The Dow Jones industrial index, which last week dropped below the psychologically-important 10,000 barrier, fell to its lowest point of the year, as retail, home building and other cyclical stocks took a pounding in expectation of a consumer-spending slump. It closed at 9,610.01, down 2.35 per cent.

The Standard and Poor index of the 500 most commonly traded shares fell almost to its three-year low. The index, against which money managers judge the performance of their own portfolios, broke through its 2-1/2-year closing low of 1,103.25 recorded in late March, closing at 1,085.88. The last time the S&P ended below 1,092.10 was on October 28th, 1998 when it fell to 1,068.10.

The Nasdaq also slid for most of the day but came off its lows on news from Dell Computer that its forecast for the fourth quarter was on track.
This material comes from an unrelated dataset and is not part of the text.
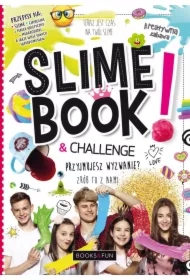 Slime book and challenge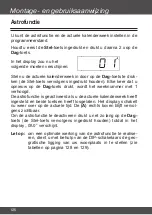 Предварительный просмотр 126 страницы Becker U30 Assembly And Operating Instructions Manual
It was down 17.49 points, or just 1.03 per cent, closing at 1,688.15.

"The market wants some sign we're coming out of an economic nuclear winter, but there's no sign of an improving economy. In fact, it seems to be getting worse," said Mr Larry Wachtel, a stock market analyst with Prudential Securities.

US investors returning from holidays had been hoping for a rally, but with a mix of gloomy indicators and renewed profit warnings through the summer months, the market has continued its late August slide.

US consumer spending drives two-thirds of the world's biggest economy and the surge in unemployment is expected to lead to a significant downturn in retail sales. The unemployment rate had hovered around 4.5 per cent since April, but laid-off workers are not finding new jobs as quickly as before.

Manufacturing was once again hardest hit, and has now lost one million jobs since July last year. The August decline of 141,000 manufacturing jobs was the largest so far this year, with almost every major manufacturing industry losing jobs in August.

The service sector increased employment by 72,000 as health services continued to add jobs, but retail employment was down in August as restaurants and bars lost 30,000 jobs following a large increase in July. Hotel employment also continued to fall, with job losses since March now totalling 42,000.

The August jobless rate is still low by historical standards but is sharply up from the level of 3.9 per cent last year, the lowest in 30 years.